The CPU

Medfield is the platform, Penwell is the SoC and the CPU inside Penwell is codenamed Saltwell. It's honestly not much different than the Bonnell core used in the original Atom, although it does have some tweaks for both power and performance.

Almost five years ago I wrote a piece on the architecture of Intel's Atom. Luckily (for me, not Intel), Atom's architecture hasn't really changed over the years so you can still look back at that article and have a good idea of what is at the core of Medfield/Penwell. Atom is still a dual-issue, in-order architecture with Hyper Threading support. The integer pipeline is sixteen stages long, significantly deeper than the Cortex A9's. The longer pipeline was introduced to help reduce Atom's power consumption by lengthening some of the decode stages and increasing cache latency to avoid burning through the core's power budget. Atom's architects, similar to those who worked on Nehalem, had the same 2:1 mandate: every new feature added to the processor's design had to deliver at least a 2% increase in performance for every 1% increase in power consumption.

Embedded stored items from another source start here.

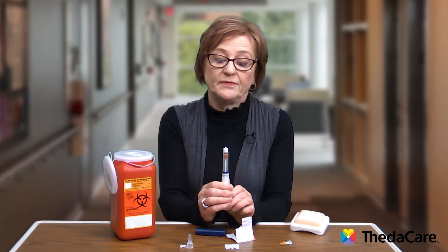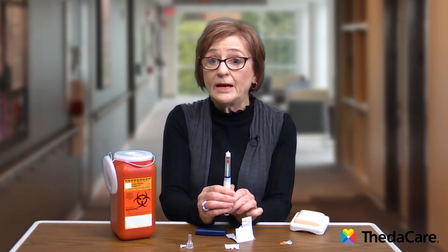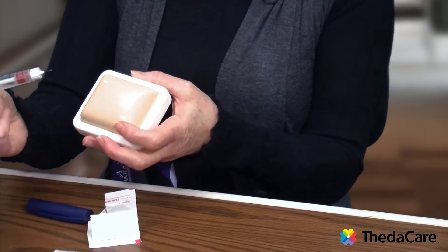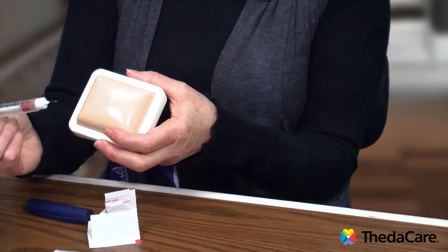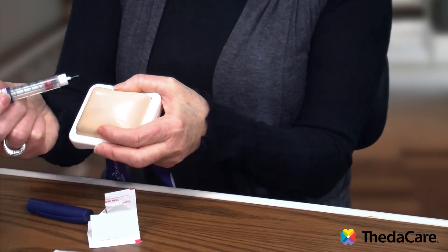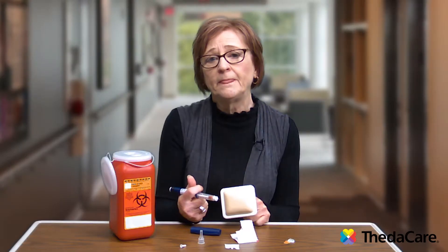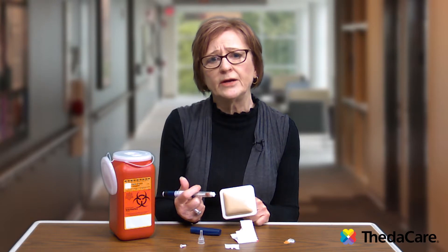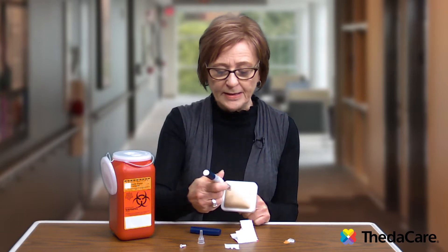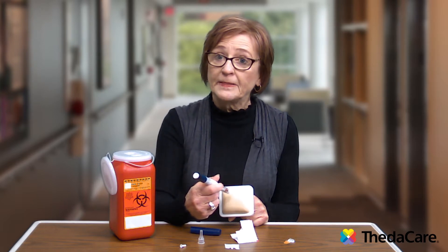To give the injection, there are different sites that are recommended. The best-absorbed site is probably the abdomen, and I'm going to use this as a demonstration. It's pretty much free reign as to where you inject in the abdominal area, but it is important to stay at least a fist away from your belly button or navel, and about one and a half to two inches away from any scars. It's also important that you rotate within that area so you're not poking the same place all the time.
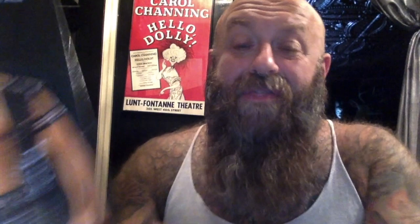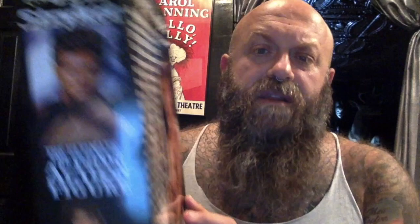This doll came out in 2003, and this one is numbered 1,524 out of 10,008. 10,008 of these dolls are available. You can actually see it — you can see the 'Love Jeff Stryker' written on the plastic. I bought it because I love the idea that it was signed. And Jeff Stryker is an incredible icon in the gay community — the ultimate action figure.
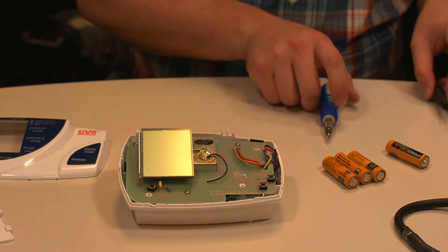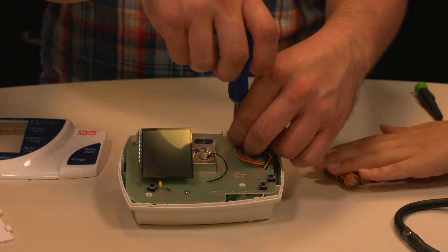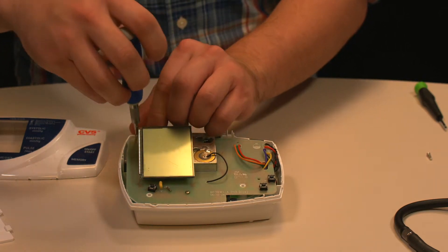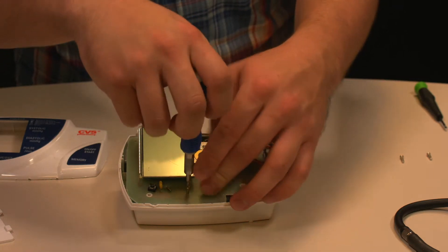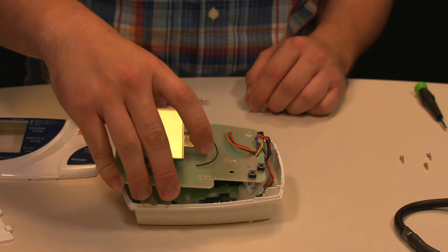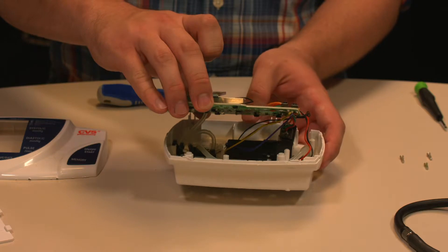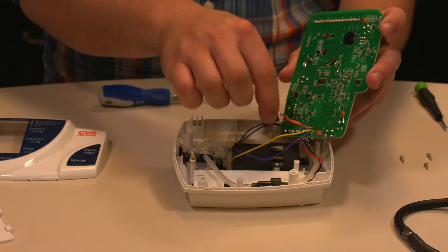The third step is to unscrew the circuit board on top. There are three screws — make sure you know the order you took them off and where they go, as they're all different. It will pop right out once the screws are done, but watch the wiring and tubing because everything is connected closely in there. It's best to take off the tubing attached to the circuit board so you can get at the internal components. Note that the adapter will come out of its slot but can be put right back in.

Atom is a very narrow core as the diagram below will show:

 

There are no dedicated integer multiply or divide units, that's all shared with the FP hardware. Intel duplicated some resources (e.g. register files, queues) to enable Hyper Threading support, but stopped short of increasing execution hardware to drive up efficiency. The tradeoff seems to have worked because Intel is able to deliver performance better than a dual-core Cortex A9 from a single HT enabled core. Intel also lucks out because while Android is very well threaded, not all tasks will continually peg both cores in a dual-core A9 machine. At higher clock speeds (1.5GHz+) and with heavy multi-threaded workloads, it's possible that a dual-core Cortex A9 could outperform (or at least equal) Medfield but I don't believe that's a realistic scenario.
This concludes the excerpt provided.